Last month’s storms and heavy snowfall have hit both local businesses and Welsh local authorities, with retail sales for March showing the biggest drop in monthly sales since November 2008, and fashion sales in particular showing the worst month since records began.
As Welsh businesses count the cost of a worryingly low month of sales, the cost of gritting roads has left many Welsh councils seeking financial help, as already struggling budgets were stretched by dealing with the extreme conditions.
In a statement, The Welsh Local Government Association said:
“Extreme climactic events such as the heavy snow falls experienced in north Wales have highlighted the resilience of local government emergency planning procedures, while exposing the financial pressures being placed on local councils who have to bear the brunt of an ever increasing repair and clean up bill.
“While every Council in Wales carries a financial contingency to deal with such emergencies, some north Wales councils now face clean up costs of over £1million in the wake of heavy snowfall, while the bill for repairing damaged roads and bridges after severe flooding hit parts of mid Wales last June cost Ceredigion Council some £525,000. Such events are proving just how quickly the unforeseen financial costs associated with managing extreme weather conditions can begin to undermine local government’s financial ability to deliver essential front line services.”
Rhondda Cynon Taf council leader, Andrew Morgan, said the authority is between £300,000 and £400,000 over budget. He explains:
“A certain amount is budgeted each year but there was a snowfall before Christmas, one in early March and another that month…”It took four to five days to clear one access road with 80 vehicles working (across the council area).”
BBC figures reveal many councils have overspent due to the cold weather:
One business who coped better than most was South Wales-based IT support specialists ITCS. The company, whose services include disaster recovery, were able to utilise 4 wheel drive vehicles to help essential staff get to and from work safely. This meant their customers IT systems were kept up and running, despite the bitter cold. One of the Directors even spent his evenings during the cold spell ferrying key community health workers to see their patients.

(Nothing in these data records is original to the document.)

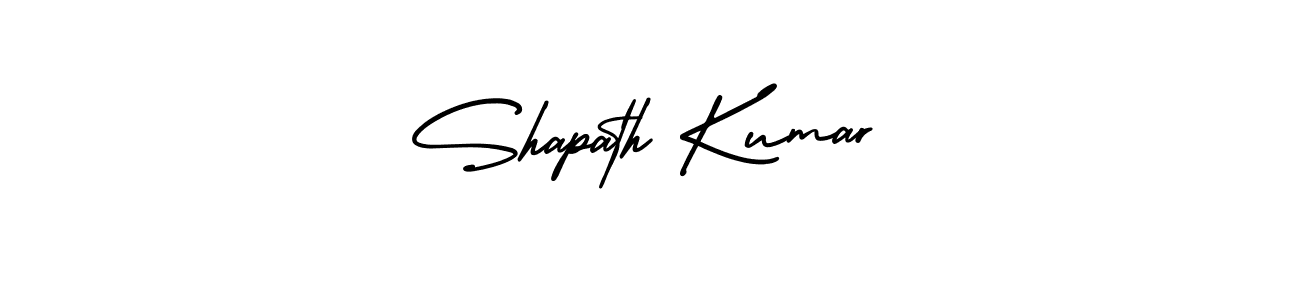 Design your own signature with our free online signature maker. With this signature software, you can create a handwritten (AmerikaSignatureDemo-Regular) signature for name Shapath Kumar. Shapath Kumar signature style 3 images and pictures png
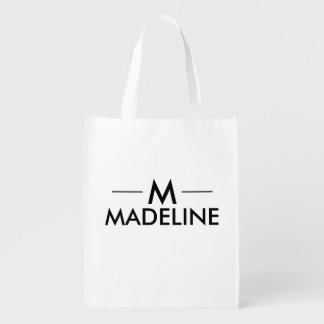 Personalized Modern Stylish Trendy Grocery Bag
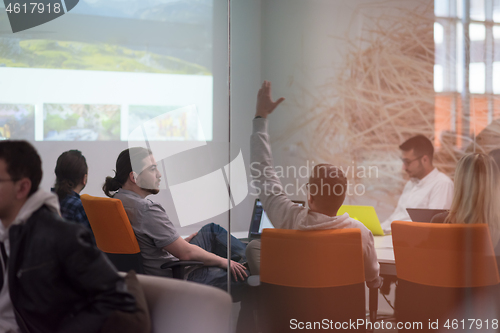 Image of Startup business team at a meeting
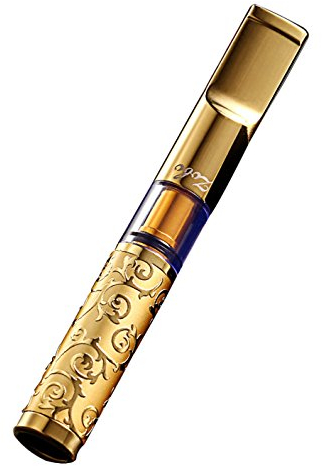 CaLeQi 24k Plaqué Or Fleurs Clean-Type Filtrage Multiple Porte-Cigarette Filtre à Tabac à fumée Nettoyer Filtre Réutilisable Unisexe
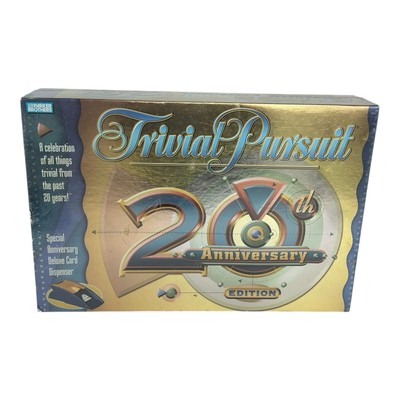 Trivial Pursuit 20th Anniversary Edition Family Fun Trivia Board Card Game New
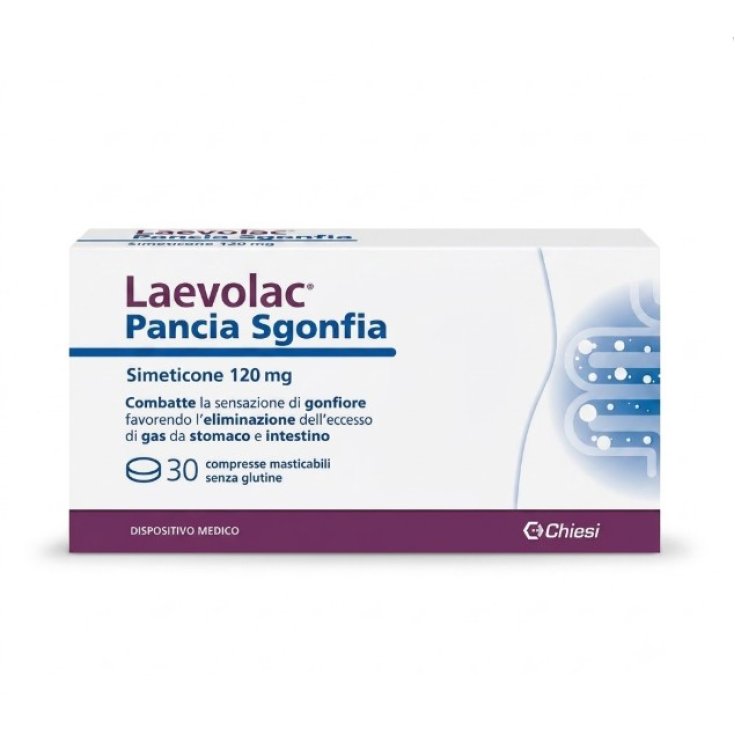 Laevolac® Vientre Plano Chiesi 30 Comprimidos Masticables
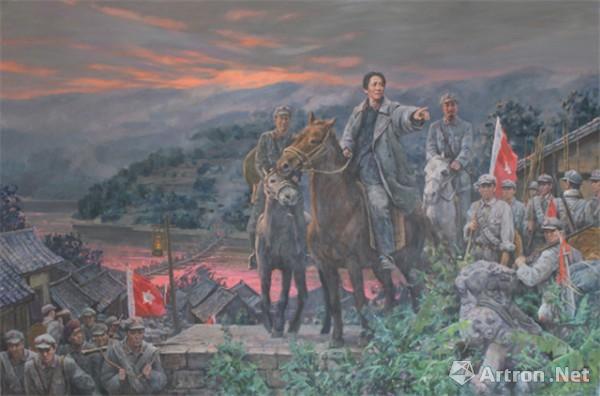 纪念中国工农红军长征胜利80周年美术作品展览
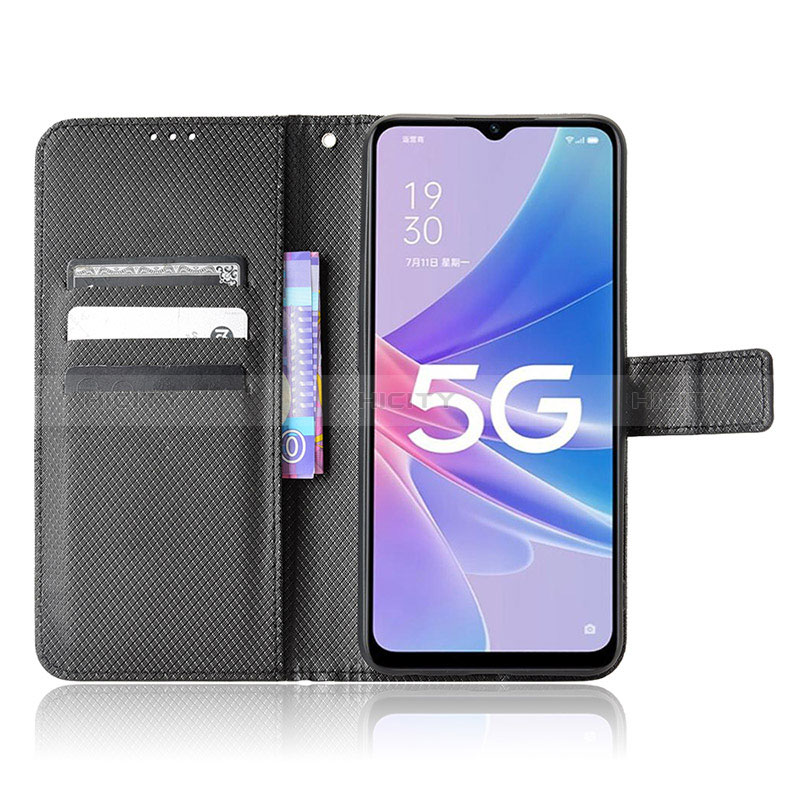 Funda de Cuero Cartera con Soporte Carcasa BY1 para Oppo A1 5G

Managing director Brian Stokes said:
“This type of situation is something we help businesses plan for, however I have to give huge praise to our team, many of whom went above and beyond the call of duty in the bad weather. I especially want to praise one of my Directors, Glyn Pearce, who helped transport staff to and from work, then worked alongside the rest of the team to keep customers up and running, and then spent his free time offering 4×4 transport for local care workers and nurses. The team were incredibly proud of his heroic efforts.”
However, many other businesses and local councils in Wales will continue to count the cost – and meteorologists warn that the cold snap is unlikely to be a one-off.

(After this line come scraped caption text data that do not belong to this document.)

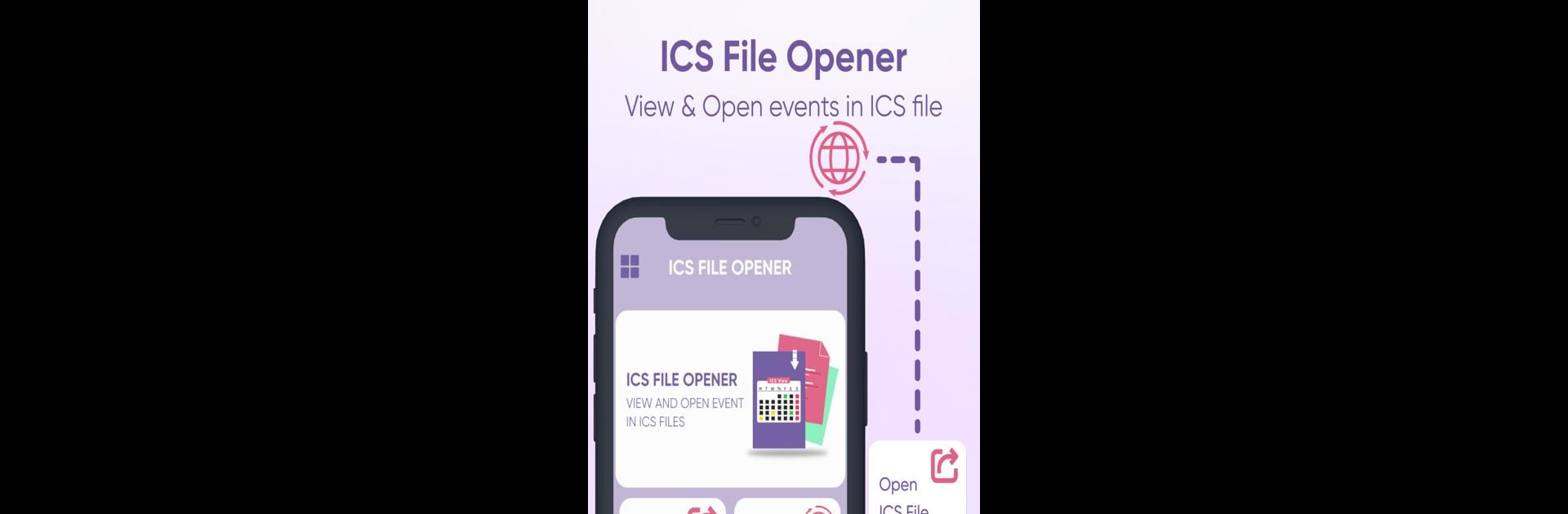 ICS File Viewer Reader Opener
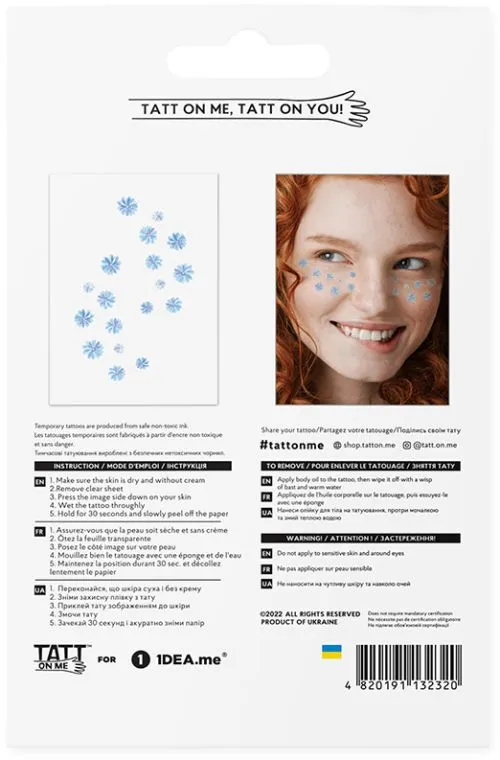 Тимчасові татуювання TATTon.me Freckles flowers Mix (TMF_flowers) - фото №2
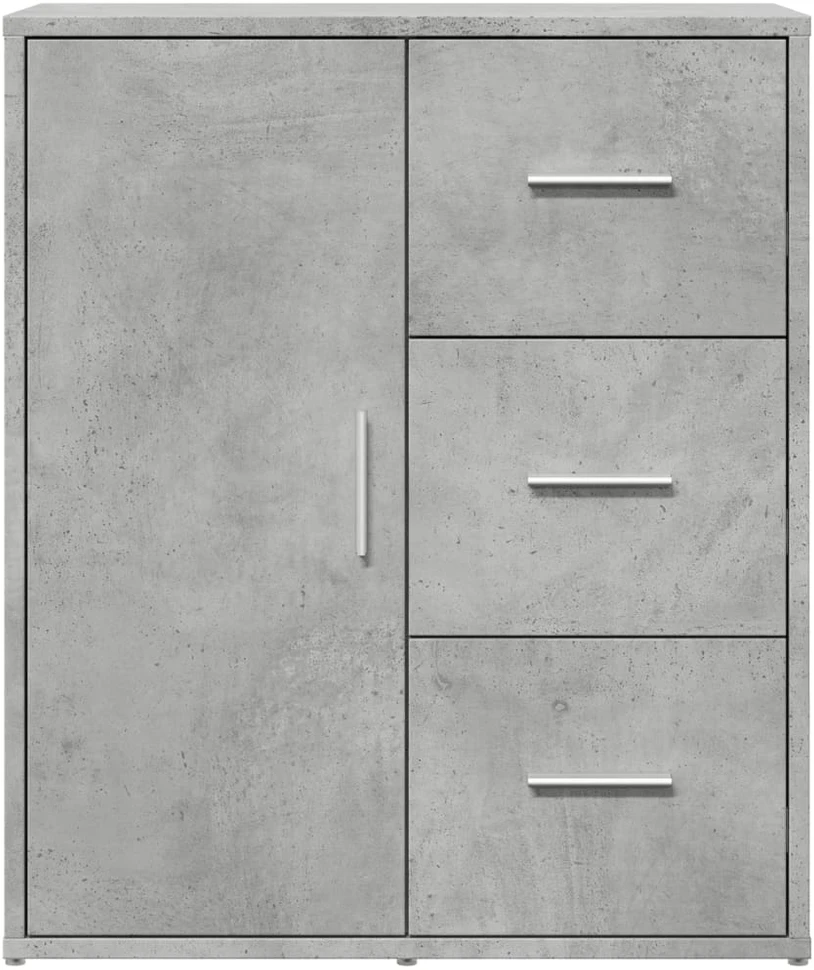 Šoninės spintelės, 2vnt., betono, 60x31x70cm, apdirbta mediena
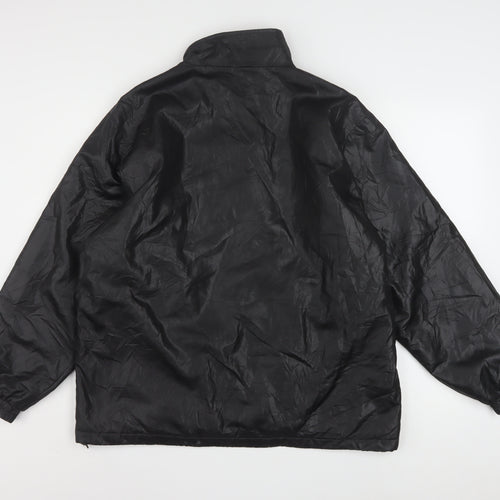 Dunlop Motorsport Mens Black L Windbreaker Jacket Full Zip Polyester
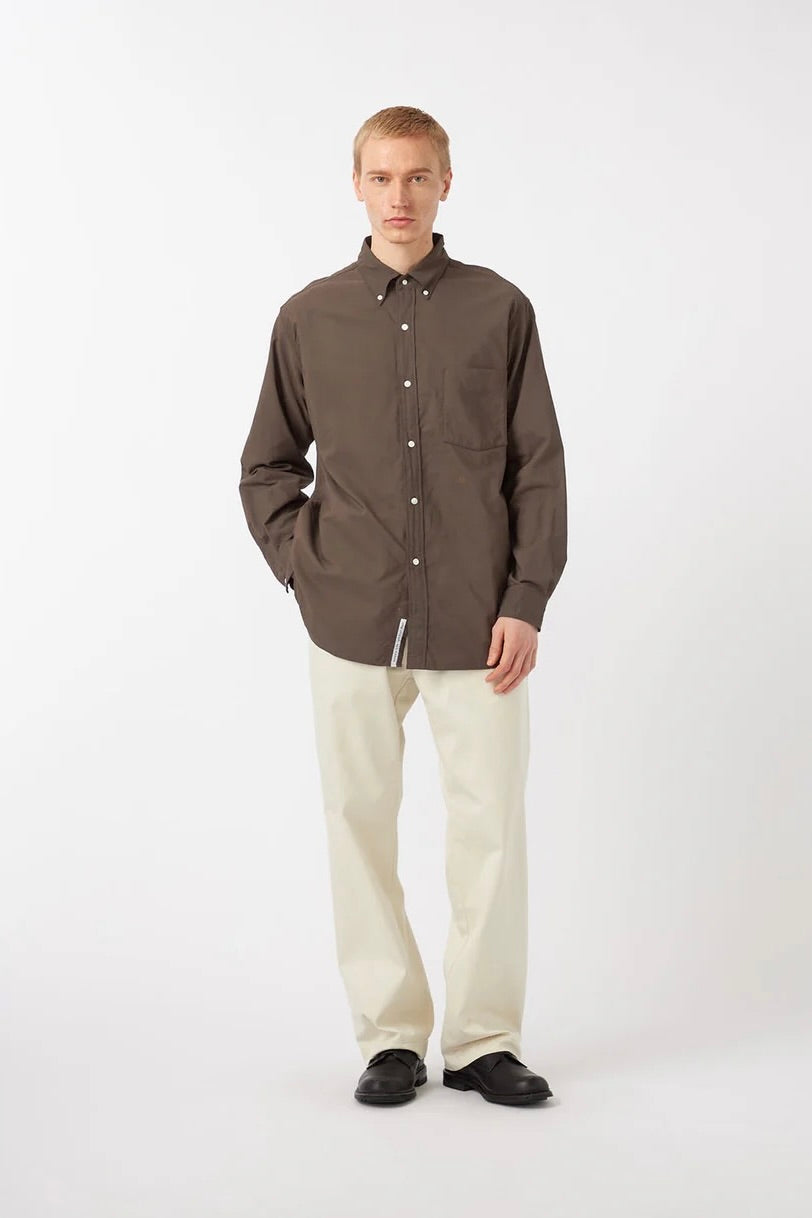 Nanamica - Button Down Wind Shirt (White)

The Welsh Local Government Association said:
“The Environment Agency has recently warned that the UK can expect extreme weather conditions to increase in frequency in the future, and Wales will face significant operational and financial challenges when it comes to maintaining its essential infrastructure, and in ensuring the resilience and wellbeing of local communities.
“It is now vitally important that Government at all levels in Wales continue to work together to ensure that the impacts of national emergencies are properly managed, including the financial costs of not only dealing with civil emergencies but also the recovery costs that follow.”
It seems our resilience to these conditions is set to be tested – here’;s hoping that businesses and councils are prepared.